Signed-off-by: Jason Dillaman <dillaman@redhat.com>
Jason Dillaman [Wed, 8 Oct 2014 12:41:53 +0000 (08:41 -0400)]
librbd: Integrate librbd with new exclusive lock feature
Operations that update the image now require the exclusive lock
if the feature is enabled. AIO write and discard operations will
automatically request the exclusive lock from the current leader
to support live-migration.
Signed-off-by: Jason Dillaman <dillaman@redhat.com>
Matt Richards [Tue, 13 Jan 2015 00:59:42 +0000 (16:59 -0800)]
librados: bump rados version number
As a follow-on to 49d114f1fff90e5c0f206725a5eb82c0ba329376,
increment the "extra" version field so clients can easily
determine if they have a version of librados that properly
translates C API operation flags.
Signed-off-by: Matthew Richards <mattjrichards@gmail.com>
Sage Weil [Mon, 12 Jan 2015 22:00:21 +0000 (14:00 -0800)]

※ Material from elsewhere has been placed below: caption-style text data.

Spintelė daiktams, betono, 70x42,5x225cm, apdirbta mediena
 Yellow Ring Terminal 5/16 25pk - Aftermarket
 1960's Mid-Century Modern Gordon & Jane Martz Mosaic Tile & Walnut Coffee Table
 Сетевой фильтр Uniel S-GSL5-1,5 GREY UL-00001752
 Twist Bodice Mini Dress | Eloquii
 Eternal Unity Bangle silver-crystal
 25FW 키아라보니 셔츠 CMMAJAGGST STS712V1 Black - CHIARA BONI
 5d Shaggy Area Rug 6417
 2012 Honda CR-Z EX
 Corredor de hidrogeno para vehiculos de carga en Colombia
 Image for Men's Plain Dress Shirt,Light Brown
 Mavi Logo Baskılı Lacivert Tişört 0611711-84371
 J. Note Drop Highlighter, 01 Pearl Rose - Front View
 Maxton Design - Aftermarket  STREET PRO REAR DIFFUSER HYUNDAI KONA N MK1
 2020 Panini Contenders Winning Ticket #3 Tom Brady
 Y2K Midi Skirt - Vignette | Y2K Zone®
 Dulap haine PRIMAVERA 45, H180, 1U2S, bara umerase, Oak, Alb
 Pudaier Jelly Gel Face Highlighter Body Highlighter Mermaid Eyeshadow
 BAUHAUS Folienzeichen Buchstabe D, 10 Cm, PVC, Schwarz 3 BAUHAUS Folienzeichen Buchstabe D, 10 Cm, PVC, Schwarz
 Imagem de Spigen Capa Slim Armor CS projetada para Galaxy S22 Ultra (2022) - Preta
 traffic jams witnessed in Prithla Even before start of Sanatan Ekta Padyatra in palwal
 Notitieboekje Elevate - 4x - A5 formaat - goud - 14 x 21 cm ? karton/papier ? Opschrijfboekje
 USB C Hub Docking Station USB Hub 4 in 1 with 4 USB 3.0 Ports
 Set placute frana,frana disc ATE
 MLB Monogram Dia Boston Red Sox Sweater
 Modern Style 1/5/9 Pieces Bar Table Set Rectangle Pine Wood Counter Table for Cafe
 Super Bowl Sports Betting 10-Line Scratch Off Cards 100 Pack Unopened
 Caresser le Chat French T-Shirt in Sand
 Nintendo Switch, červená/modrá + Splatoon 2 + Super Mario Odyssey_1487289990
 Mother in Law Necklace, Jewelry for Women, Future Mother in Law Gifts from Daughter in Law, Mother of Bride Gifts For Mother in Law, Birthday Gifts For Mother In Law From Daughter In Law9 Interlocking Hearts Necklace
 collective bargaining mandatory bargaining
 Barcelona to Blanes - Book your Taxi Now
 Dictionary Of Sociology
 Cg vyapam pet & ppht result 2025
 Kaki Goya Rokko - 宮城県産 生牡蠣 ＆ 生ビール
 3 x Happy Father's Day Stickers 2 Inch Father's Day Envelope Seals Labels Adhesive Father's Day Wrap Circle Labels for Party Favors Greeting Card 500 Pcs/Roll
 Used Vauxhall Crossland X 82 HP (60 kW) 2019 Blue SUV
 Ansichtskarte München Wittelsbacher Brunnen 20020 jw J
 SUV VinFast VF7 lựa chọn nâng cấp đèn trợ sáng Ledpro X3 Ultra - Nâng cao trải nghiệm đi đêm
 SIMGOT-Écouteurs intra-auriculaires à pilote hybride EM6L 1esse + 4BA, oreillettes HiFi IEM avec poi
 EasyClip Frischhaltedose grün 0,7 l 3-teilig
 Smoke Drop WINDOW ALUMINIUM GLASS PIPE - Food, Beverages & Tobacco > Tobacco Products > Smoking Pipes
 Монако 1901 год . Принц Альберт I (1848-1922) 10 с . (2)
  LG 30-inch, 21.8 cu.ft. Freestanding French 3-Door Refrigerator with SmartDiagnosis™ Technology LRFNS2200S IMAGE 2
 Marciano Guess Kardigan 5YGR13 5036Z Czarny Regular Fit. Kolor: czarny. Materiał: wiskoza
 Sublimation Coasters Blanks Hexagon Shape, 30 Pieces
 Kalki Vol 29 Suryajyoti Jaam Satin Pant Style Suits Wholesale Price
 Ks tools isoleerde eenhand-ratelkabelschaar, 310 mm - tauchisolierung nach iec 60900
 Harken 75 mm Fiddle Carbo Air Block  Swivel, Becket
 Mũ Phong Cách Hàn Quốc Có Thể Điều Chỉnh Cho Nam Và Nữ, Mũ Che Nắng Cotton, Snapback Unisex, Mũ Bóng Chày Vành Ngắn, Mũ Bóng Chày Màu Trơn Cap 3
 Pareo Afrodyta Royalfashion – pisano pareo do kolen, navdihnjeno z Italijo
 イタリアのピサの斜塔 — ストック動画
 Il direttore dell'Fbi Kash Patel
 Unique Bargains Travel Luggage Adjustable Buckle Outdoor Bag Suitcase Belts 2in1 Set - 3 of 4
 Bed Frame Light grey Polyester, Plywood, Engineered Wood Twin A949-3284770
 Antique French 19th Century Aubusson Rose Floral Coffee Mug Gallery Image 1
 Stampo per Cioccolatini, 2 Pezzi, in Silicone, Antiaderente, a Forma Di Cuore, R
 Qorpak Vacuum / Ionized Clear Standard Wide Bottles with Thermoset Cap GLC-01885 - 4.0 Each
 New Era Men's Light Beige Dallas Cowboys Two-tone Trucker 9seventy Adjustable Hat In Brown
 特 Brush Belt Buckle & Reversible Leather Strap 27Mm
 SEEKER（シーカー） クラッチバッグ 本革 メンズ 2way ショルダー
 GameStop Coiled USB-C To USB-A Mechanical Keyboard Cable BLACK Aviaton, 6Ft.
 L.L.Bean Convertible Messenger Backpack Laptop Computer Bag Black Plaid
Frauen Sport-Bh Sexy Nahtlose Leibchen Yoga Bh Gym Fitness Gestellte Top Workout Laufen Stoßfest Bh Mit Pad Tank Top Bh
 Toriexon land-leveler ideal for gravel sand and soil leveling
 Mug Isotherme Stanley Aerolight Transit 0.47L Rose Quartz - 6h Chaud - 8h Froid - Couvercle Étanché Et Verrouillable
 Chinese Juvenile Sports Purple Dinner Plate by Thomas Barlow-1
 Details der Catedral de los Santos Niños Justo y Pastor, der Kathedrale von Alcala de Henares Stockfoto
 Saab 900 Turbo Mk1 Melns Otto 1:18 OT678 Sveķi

osd: enable filestore_extsize by default
Note that this will only get used if the kernel is new enough; if it is
older than 3.5 the option will get disabled and extsize will not be used
even if the option is set to true.
Sage Weil [Mon, 12 Jan 2015 21:59:39 +0000 (13:59 -0800)]
os/FileStore: verify kernel is new enough before using extsize ioctl
Old kernels have an XFS bug that exposes uninitialized data when the
extsize hint is set and only partially written. This is fixed by Linux
commit aff3a9edb7080f69f07fe76a8bd089b3dfa4cb5d, documented in XFS bug
http://oss.sgi.com/bugzilla/show_bug.cgi?id=874, and tested by XFS
test xfs/229 to prevent regressions.
Notably the original bug affects kernel 3.2, which is widely deployed with
ubuntu precise 12.04.
Backport: giant, firefly Signed-off-by: Sage Weil <sage@redhat.com>
John Spray [Mon, 5 Jan 2015 19:34:57 +0000 (19:34 +0000)]
mon: implement `fs reset`
This is for use in CephFS disaster recovery. When
the metadata pool has been forcibly reset to a single-MDS
metadata tree, we would like to reset the MDSMap to match.
Sage Weil [Mon, 17 Nov 2014 20:46:51 +0000 (12:46 -0800)]
osd/ReplicatedPG: drop unnecessary cache_mode checks
This currently enumerates all cache modes except none, and we don't
arrive in this function when caching is disabled. And creating a whiteout
is not cache_mode dependent. Simplify!